3週間後には胴体が完全復活!目的は「寄生虫の除去」か
三藤氏が新行動を発見したのは2018年のこと。
「研究室内で飼っているコノハミドリガイの頭と体が切断されているのを偶然見つけ、頭が活発に動いていたので驚きました。
すぐに死んでしまうと思っていたら、エサを食べて胴体を再生させ始めたのはさらに衝撃的でした」と話します。
その後、同じく飼育中のクロミドリガイでも胴体の切断と再生が確認されました。
自然界には、敵から逃げるためにしっぽや手足の一部を自切する生き物がいますが、この場合、ウミウシには天敵がいません。

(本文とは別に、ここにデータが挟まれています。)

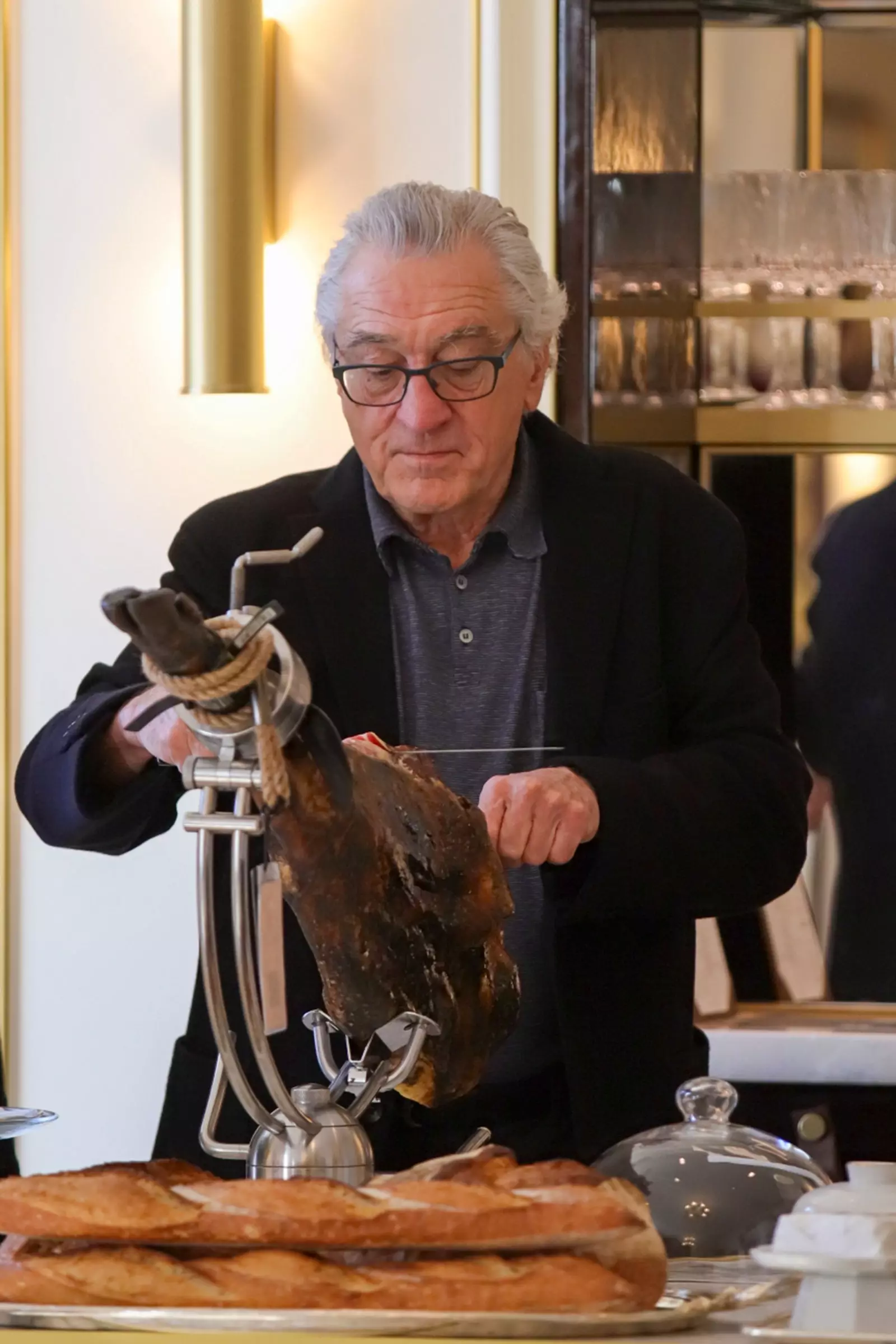 Robert de Niro သည် Mandarin Oriental Ritz Madrid တွင် Cinco Jotas ဝက်ပေါင်ခြောက်ကို ဖြတ်တောက်ခဲ့သည်။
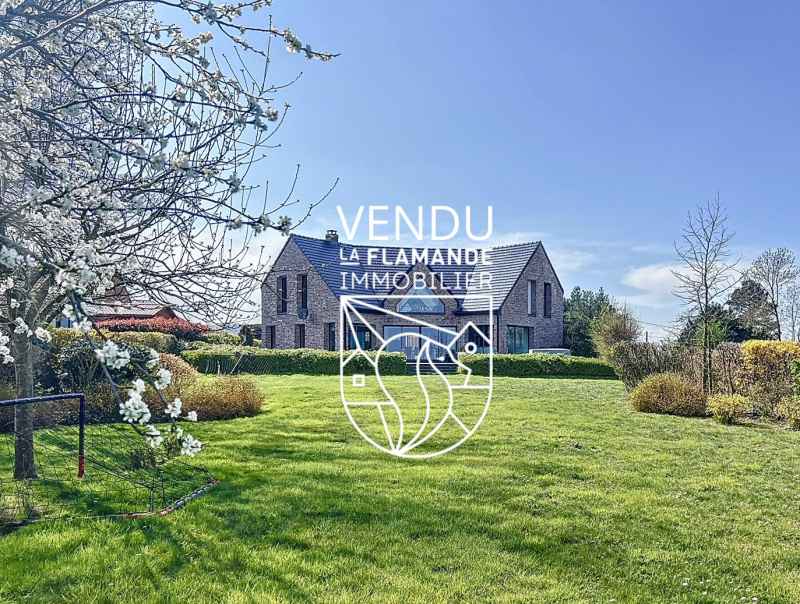 Maison 5 chambres à Cassel – photo 1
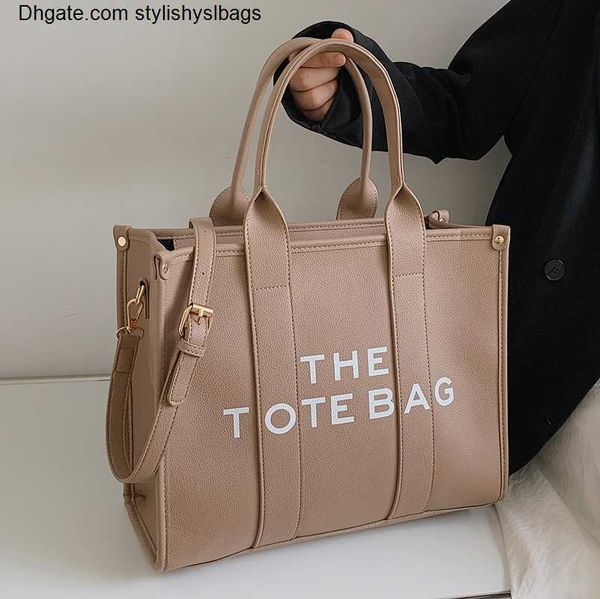 shoulder bags luxury designer bag tote letter shoulder bags for women 2023 new luxury handbags brands soft pu shopper purses crossbody bags
shoulder bags luxury designer bag tote letter shoulder bags for women 2023 new luxury handbags brands soft pu shopper purses crossbody bags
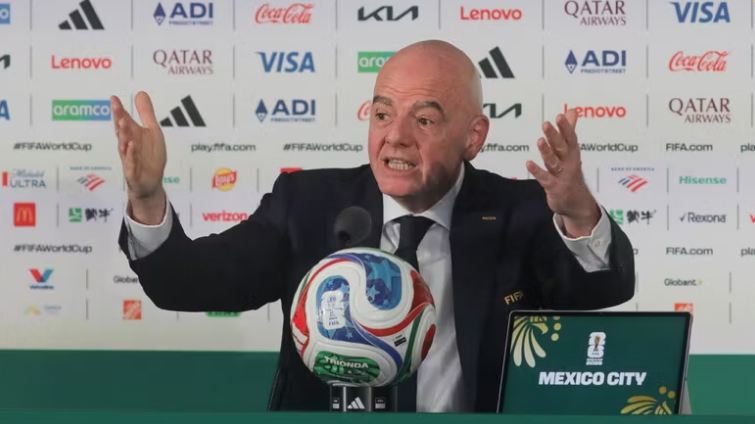 Infantino tallet keq me Italinë: Ndoshta kualifikohet po ta bëjmë me 64 skuadra, ose 208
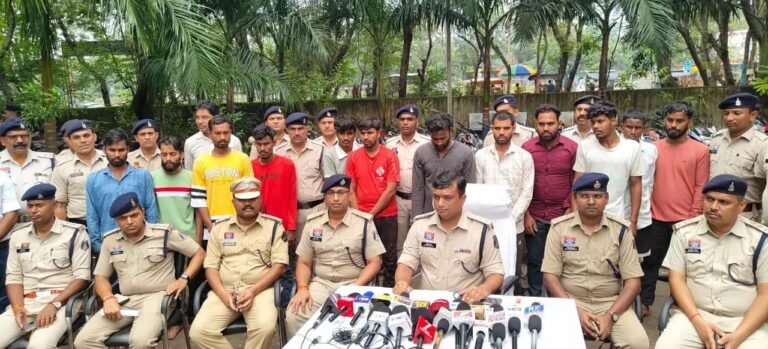 मास्टर Key से बाइक उड़ाने वाले 18 चोर गिरफ्तार, 52 दोपहिया बरामद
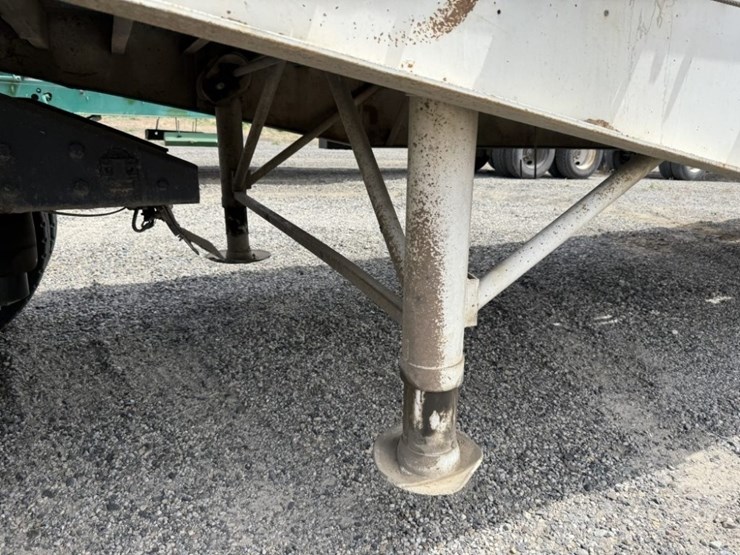 1977-utility-flatbed-image-5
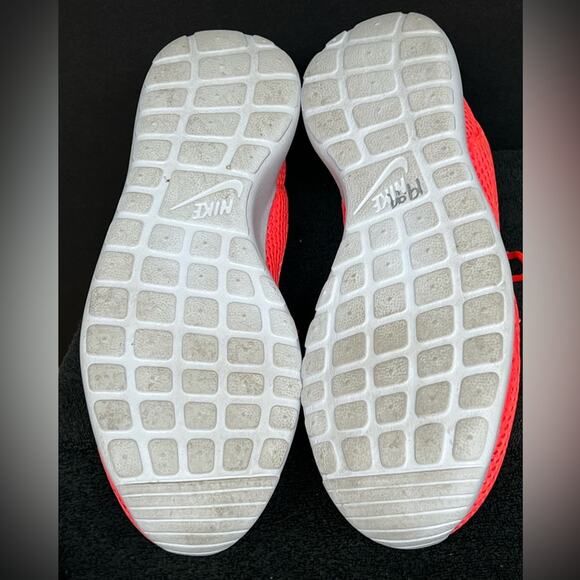 NIKE ROSHE ONE HYPERFUSE BR MEN SIZE 11.5 TOTAL CRIMSON & WHITE - Picture 8 of 10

三藤氏は「おそらくウミウシは、敵からの逃亡ではなく、胴体に寄生して産卵行動を妨げている微小生物の排除を目的としている」と推測します。
コノハミドリガイを観察したところ、頭部は胴体から切り離された後、数時間以内にエサとなる海藻を食べ始めました。
その後、数日以内に切断部の傷口はふさがり、約1週間で心臓を含む胴体の再生がスタート、3週間ほどでほぼ完全な胴体を取り戻しています。
一方で、切断された胴体から頭部が再生することはありませんでした。
それでも胴体部は、数日〜数ヶ月間、動きまわって刺激に反応することができたといいます。
また、胴体の再生は若い個体ほどスムーズに進み、年老いた個体では頭部がエサを食べられず、10日以内に死んでしまいました。
これら2種がいかに胴体の切断をしているか、なぜ切断後も動き回ってエサを食べられるのかは解明されていません。
観察によると、切断は首の決まった位置で起きており、細糸で軽くしめると自切を誘導できました。
三藤氏は「首の切り口あたりに胴体の再生を促す幹細胞のようなものがあると見られる」と話します。
また、ウミウシには「盗葉緑体現象(Kleptoplasty)」といって、エサの海藻から葉緑体を取り込むことで、体内で光合成をし、栄養分を得る能力があります。
この盗葉緑体現象も切断後の運動や再生に関係している可能性があるとのことです。
三藤氏と研究チームは今後、切断を促す生物学的シグナルの解明なども含め、研究を続けていく予定です。